▸ **YOUR GOAL**: Say how many lines of the listing below include "Blue". Write only that number.

▸ **PROVIDED DATA**:

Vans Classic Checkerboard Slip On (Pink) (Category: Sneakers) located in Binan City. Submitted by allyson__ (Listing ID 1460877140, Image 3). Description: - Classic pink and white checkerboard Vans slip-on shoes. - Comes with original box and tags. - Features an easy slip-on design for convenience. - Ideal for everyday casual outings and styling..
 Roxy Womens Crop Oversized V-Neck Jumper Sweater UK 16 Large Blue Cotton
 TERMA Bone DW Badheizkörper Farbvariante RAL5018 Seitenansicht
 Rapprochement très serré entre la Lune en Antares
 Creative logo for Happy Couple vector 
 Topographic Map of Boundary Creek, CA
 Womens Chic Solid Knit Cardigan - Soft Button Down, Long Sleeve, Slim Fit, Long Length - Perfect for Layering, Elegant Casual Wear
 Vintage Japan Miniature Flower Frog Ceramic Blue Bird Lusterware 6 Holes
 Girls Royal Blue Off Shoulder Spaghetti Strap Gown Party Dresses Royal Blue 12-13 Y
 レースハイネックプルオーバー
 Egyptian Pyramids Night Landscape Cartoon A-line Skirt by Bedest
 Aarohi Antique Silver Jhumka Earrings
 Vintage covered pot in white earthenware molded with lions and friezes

▸ **REPLY TO THE EXERCISE**: 3